A Web proxy receives requests from a client and then presents the request to the server on the client's behalf. A VPN (virtual private network) protects network traffic as it crosses the Internet. These are two very different technologies, but they do have some applications in common.
A private network, or LAN, relies on physical access for a great part of its security. Intruders have less ability to tap the cable of the network and intercept data traveling around the network if access to the building is monitored, and there are few hidden locations where a stranger can set up wire-tapping equipment. When the data from a network has to travel out of the building, physical security is no longer possible, and so procedural and software methods have to compensate for this insecure environment. The VPN uses encryption to give data packets the same level of security available on the LAN. Proxy servers can encrypt data but cannot offer stronger security than is already available by using LAN-based encryption systems.
A Web proxy receives all traffic from a network or individual computer, no matter what addresses those requests carry. A computer protected by a proxy server cannot contact any other computer.

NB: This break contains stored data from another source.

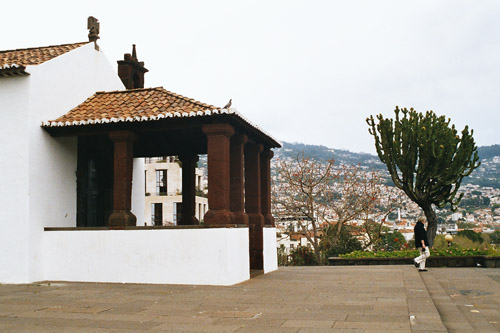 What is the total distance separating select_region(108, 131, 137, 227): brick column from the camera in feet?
40.0

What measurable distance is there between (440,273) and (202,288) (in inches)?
295

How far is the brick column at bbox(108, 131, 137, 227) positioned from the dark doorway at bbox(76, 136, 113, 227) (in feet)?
6.95

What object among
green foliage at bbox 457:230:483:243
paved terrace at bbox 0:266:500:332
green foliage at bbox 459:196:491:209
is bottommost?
green foliage at bbox 457:230:483:243

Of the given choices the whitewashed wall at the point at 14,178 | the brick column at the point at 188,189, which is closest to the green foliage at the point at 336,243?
the brick column at the point at 188,189

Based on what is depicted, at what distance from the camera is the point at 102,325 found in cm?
654

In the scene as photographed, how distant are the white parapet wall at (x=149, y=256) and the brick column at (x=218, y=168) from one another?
54 cm

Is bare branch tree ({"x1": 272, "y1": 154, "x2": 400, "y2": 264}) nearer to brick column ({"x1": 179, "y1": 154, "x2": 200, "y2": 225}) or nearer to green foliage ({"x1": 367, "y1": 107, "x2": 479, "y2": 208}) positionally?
green foliage ({"x1": 367, "y1": 107, "x2": 479, "y2": 208})

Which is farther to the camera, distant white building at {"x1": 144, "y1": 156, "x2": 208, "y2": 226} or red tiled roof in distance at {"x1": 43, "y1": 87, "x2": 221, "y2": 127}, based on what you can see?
distant white building at {"x1": 144, "y1": 156, "x2": 208, "y2": 226}

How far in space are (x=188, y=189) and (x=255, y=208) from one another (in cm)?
255

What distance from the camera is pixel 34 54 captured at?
1405 centimetres

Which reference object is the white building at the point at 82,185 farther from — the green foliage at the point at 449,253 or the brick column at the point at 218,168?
the green foliage at the point at 449,253

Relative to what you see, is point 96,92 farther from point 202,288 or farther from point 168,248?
point 202,288

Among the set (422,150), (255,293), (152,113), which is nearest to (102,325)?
(255,293)

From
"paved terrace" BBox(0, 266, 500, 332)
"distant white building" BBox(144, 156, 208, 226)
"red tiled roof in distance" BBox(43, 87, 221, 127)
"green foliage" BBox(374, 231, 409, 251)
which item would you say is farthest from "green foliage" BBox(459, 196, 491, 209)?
"red tiled roof in distance" BBox(43, 87, 221, 127)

Instead, it delivers the required address to the proxy. The proxy contacts that address on a separate connection, and receives the response containing the required resource. That resource is usually a Web page. The proxy then delivers the resource to the client, trapping any malicious software the Web server might try to download on client computers. The client and the server are never in direct contact. VPNs are implemented by software resident on two sides of an Internet connection. They maintain a pipeline down which many different messages can travel. All data passing over this connection is fully encrypted. Thus security is ensured through a direct connection.

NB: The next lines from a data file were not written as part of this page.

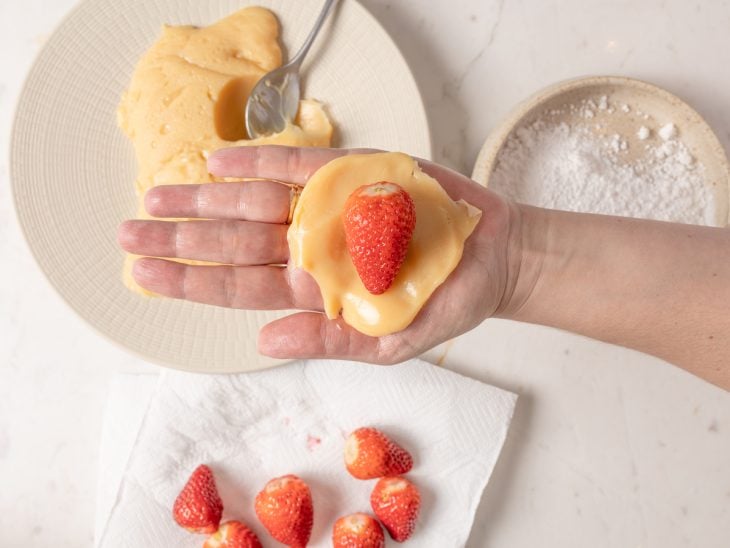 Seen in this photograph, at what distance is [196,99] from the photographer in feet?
4.46

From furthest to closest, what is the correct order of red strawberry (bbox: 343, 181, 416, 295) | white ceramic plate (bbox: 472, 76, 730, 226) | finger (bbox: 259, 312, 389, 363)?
white ceramic plate (bbox: 472, 76, 730, 226), finger (bbox: 259, 312, 389, 363), red strawberry (bbox: 343, 181, 416, 295)

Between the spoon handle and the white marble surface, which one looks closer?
the spoon handle

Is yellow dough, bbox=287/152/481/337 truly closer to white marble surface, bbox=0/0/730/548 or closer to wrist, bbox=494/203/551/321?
wrist, bbox=494/203/551/321

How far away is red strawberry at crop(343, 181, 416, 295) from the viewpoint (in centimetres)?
95

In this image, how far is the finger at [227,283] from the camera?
1.11m

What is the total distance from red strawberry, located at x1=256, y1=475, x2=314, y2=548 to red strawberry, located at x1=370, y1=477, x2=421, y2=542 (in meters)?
0.13

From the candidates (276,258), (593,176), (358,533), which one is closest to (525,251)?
(593,176)

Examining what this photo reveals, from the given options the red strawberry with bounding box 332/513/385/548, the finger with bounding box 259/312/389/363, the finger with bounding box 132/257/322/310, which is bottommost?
the red strawberry with bounding box 332/513/385/548

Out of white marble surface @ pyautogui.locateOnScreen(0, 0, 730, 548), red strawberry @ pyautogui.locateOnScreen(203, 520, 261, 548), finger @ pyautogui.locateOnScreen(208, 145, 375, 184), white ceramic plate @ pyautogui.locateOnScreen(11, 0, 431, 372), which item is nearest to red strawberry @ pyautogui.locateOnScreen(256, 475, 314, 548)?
red strawberry @ pyautogui.locateOnScreen(203, 520, 261, 548)

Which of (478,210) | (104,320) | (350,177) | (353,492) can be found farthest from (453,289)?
(104,320)

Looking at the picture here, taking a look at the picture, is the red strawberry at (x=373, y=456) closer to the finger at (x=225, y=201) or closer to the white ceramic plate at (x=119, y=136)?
the white ceramic plate at (x=119, y=136)

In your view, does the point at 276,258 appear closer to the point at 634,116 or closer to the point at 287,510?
the point at 287,510

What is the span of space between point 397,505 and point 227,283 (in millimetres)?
563

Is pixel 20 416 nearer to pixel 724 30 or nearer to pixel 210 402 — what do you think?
pixel 210 402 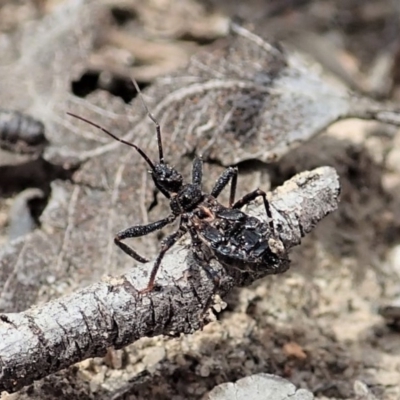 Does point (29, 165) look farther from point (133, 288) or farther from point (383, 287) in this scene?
point (383, 287)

Proxy servers offer encryption as an optional extra. VPNs can only be formed with encryption. The proxy server encrypts the data in a packet, the VPN encrypts the entire packet, including the header, which contains information needed for routing. The encrypted data packet cannot reach its destination because the address of the destination is rendered unreadable by routers. Therefore, the VPN "encapsulates" that packet in its entirety in the data body of another packet. The carrying packet has an unencrypted header that routes the packet to its destination. The receiving VPN software strips off the encapsulating packet, decrypts the original packet, and forwards it to its destination.
A VPN and a Web proxy both protect the address information of a client computer or network -- but they use very different methods to achieve this. The VPN requires encryption to perform its service, but the proxy server offers anonymity by breaking direct contact between the client and server.